Several factors demonstrated that the corporation's directors did not intend a gratuitous transfer:
1. The partnership's formation had nontax business reasons. As recommended by independent consultants, the corporation tried to sell these operating assets but was unable to do so. The partnership's formation allowed the corporation to retain, for use in other areas, the working capital it had previously needed for the television station.
2. The corporation's board's executive committee adopted a resolution that the other partners be required to make cash contributions to the partnership “in an amount corresponding to the fair market value of the partnership interests acquired by” those other partners. Furthermore, the other partners' acquisition of partnership interest was to “be on terms and conditions no less favorable to” the corporation “than the terms and conditions that would apply in a similar transaction with persons who are not affiliated with” the corporation.
3. The corporation retained an outside accounting firm “to render an opinion of appropriate marketability and minority interest discounts applicable to a minority interest” in the partnership as of the date of formation. The partners made contributions based on the appraised amount. Three years later, the corporation's management discovered errors in computing the other partners' interests in the partnership and obtained a new appraisal. The other partners made additional contributions to bring their contributions up to the appraised value.
4. The court relied on U.S. v. Byrum, 408 U.S. 135, 137-138 (1972), to find that the controlling shareholders were subject to fiduciary duties to the minority shareholders. In the Cox case, two percent of the stock was owned by people who were not members of the controlling family; these minority shareholders were principally employees of the corporation. Judge Halpern pointed out that the minority shareholders did not own interests in the other partners and “would not be made financially whole for the likely shortfall in income and liquidation (or sale) proceeds” if the corporation's contribution to the partnership constituted a transfer to the other partners.

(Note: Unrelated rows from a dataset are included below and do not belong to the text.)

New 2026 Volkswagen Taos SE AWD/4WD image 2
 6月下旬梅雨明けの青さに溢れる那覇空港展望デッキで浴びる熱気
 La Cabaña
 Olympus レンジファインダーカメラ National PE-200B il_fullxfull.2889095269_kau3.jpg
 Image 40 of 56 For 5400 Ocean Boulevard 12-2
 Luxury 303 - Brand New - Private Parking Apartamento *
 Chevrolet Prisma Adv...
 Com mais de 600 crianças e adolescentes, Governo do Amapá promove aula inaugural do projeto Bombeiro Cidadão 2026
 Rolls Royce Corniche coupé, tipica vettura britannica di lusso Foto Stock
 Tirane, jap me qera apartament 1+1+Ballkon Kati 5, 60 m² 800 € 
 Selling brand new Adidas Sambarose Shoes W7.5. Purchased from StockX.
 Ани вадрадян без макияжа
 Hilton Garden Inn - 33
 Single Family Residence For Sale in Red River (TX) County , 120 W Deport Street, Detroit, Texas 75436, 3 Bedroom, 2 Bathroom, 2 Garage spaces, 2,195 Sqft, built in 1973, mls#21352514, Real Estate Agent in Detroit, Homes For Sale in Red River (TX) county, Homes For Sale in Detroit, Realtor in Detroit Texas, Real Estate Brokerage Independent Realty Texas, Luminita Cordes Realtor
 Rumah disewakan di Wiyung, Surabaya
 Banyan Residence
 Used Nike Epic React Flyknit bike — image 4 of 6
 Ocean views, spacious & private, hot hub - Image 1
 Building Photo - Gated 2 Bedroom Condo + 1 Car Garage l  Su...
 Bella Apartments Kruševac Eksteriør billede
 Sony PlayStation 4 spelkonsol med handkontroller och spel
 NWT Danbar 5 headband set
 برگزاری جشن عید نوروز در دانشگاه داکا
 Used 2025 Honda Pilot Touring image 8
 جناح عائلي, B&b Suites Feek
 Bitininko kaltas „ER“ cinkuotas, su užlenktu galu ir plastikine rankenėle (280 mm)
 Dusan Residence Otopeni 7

The court also found that any gratuitous transfer to the other partners would not have benefitted the shareholder trusts. The remaindermen of the trusts held significant interests in the partners, so a transfer to the other partners would have accelerated the remaindermen's interests in violation of the trust agreements. Because the trusts were the controlling shareholders (and the court assumed for the sake of argument that the trustees also controlled the actions of the other board members), the trustees would have violated their fiduciary duties by accelerating the interests of the remaindermen. Thus, a gratuitous transfer to the other partners would have been detrimental to the shareholder trusts as entities and would have violated the trustees' fiduciary duties.
The court concluded that any gratuitous transfer of an interest from the corporation to the other partners did not constitute a distribution to the shareholder trusts subject to §311.
Other issues relating to these parties were still before the court when Judge Halpern wrote this opinion, some of which involved the trusts themselves. Subject to any light shed by those cases, one may draw some planning tips from this case:
1. As usual, documenting a transaction very well is always advisable, particularly documentation demonstrating an intent to deal at arms-length.
2. Although the Tax Court seems to place little weight on the Byrum case in family limited partnership cases under §2036, having nonfamily member employees hold 2% of the stock might do the trick.
3. Practitioners often wonder whether parties must contribute assets with fair market value to obtain capital accounts proportionate to their interests in profits when all partners are making their initial contributions on formation of the partnership. In this case, the majority partner (the corporation) contributed assets with value significantly in excess of the value of its partnership interest. However, the minority partners contributed assets equal to the value of their interests in the partnership. Thus, the majority partners received capital accounts that were higher relative to their interests in profits compared with the minority partners' capital accounts relative to their respective interests in profits. Judge Halpern did not seem to recognize this issue; if he did, he did not mention it in analyzing the dividend issue. It will be interesting to see whether the companion cases consider this issue to be of consequence.